(Data extracts)
+ + + +
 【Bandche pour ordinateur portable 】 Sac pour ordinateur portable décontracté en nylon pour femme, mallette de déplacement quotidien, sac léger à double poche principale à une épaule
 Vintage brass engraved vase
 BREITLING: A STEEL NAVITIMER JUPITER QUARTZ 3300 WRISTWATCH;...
+ + + +
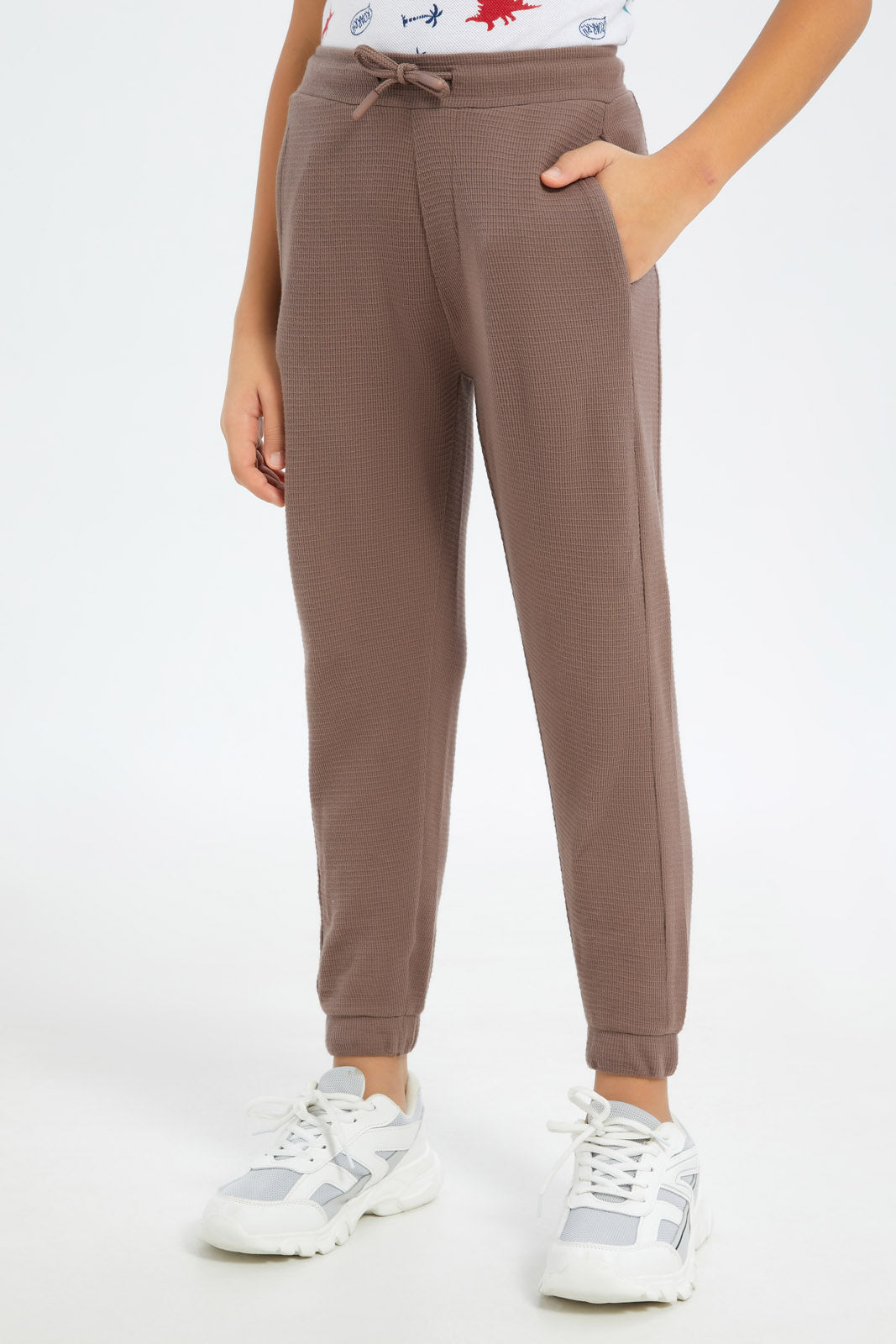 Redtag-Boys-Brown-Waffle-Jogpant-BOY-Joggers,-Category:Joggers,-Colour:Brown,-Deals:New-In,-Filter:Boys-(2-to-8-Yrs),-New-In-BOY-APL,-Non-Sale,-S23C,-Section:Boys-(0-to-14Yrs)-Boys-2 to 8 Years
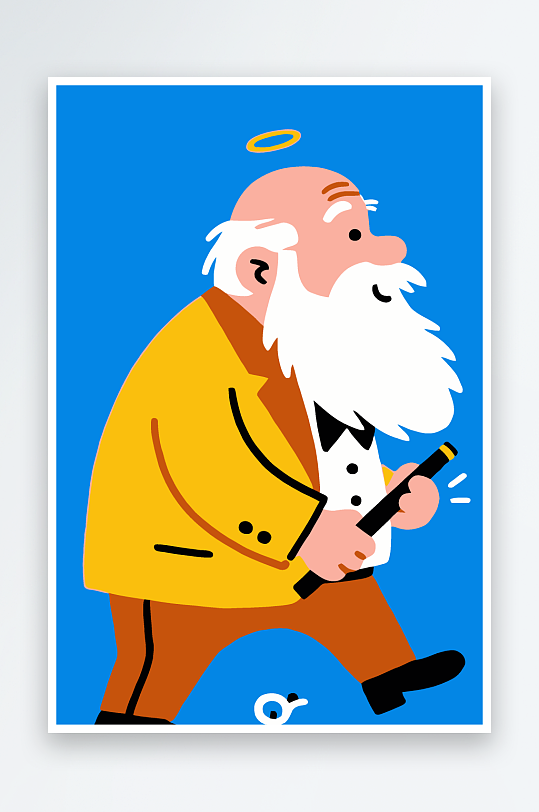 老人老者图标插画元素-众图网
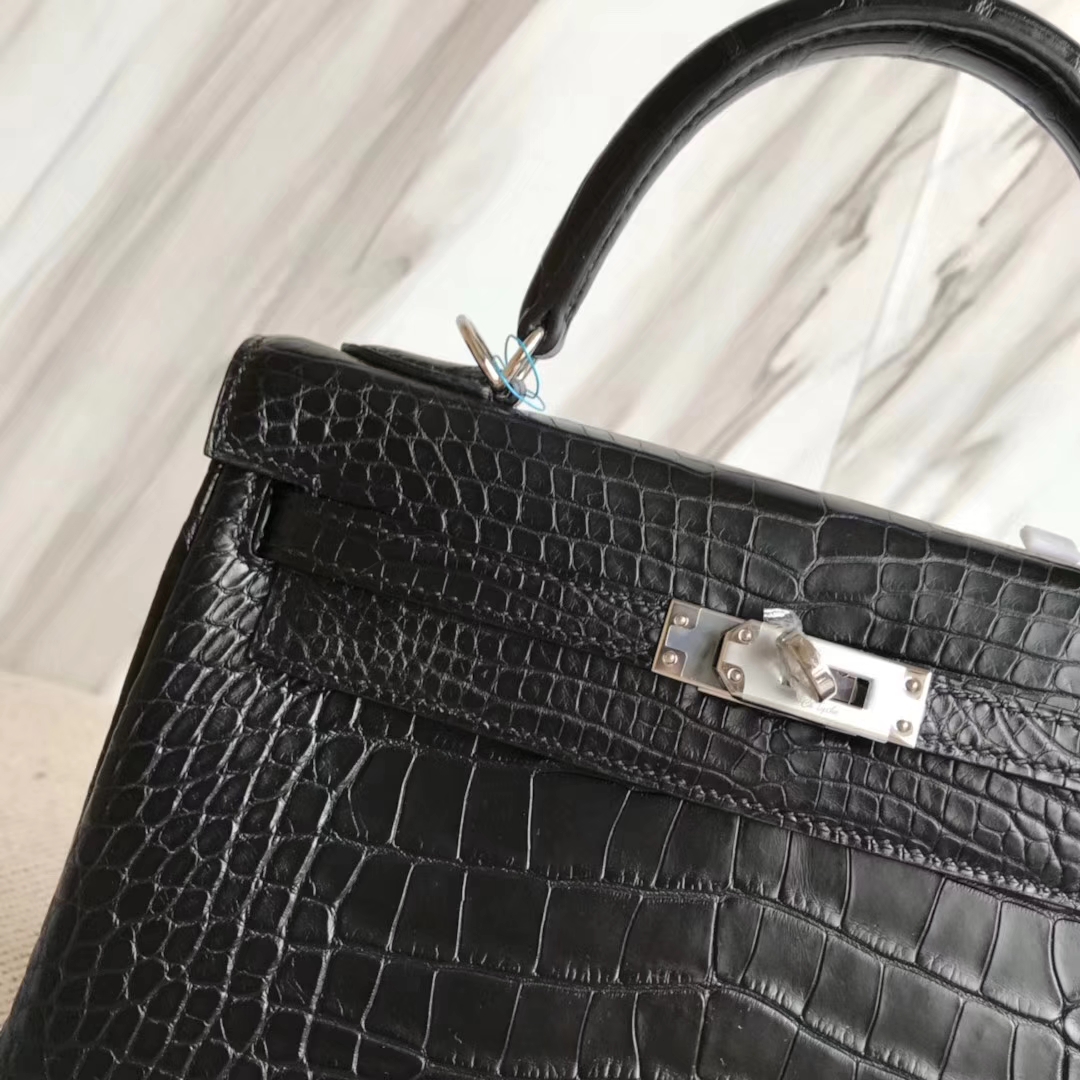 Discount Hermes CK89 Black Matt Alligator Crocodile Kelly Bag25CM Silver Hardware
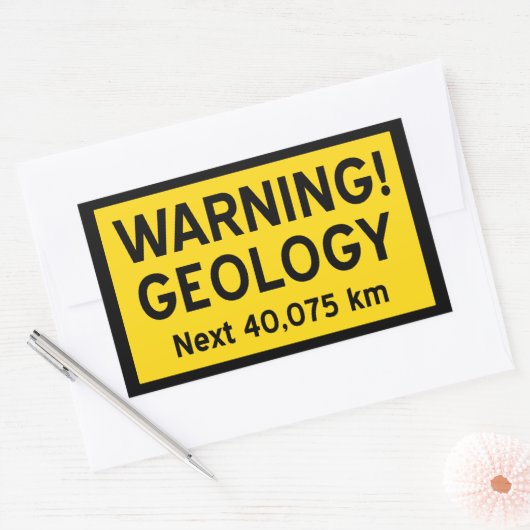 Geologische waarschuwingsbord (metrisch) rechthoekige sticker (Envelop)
+ + + +
(Task details) What you give back must be the stretch above, starting at the line with "à une épaule" and ending at the line with "BREITLING: A STEEL", copied exactly.

(Exercise solution)
 【Bandche pour ordinateur portable 】 Sac pour ordinateur portable décontracté en nylon pour femme, mallette de déplacement quotidien, sac léger à double poche principale à une épaule
 Vintage brass engraved vase
 BREITLING: A STEEL NAVITIMER JUPITER QUARTZ 3300 WRISTWATCH;...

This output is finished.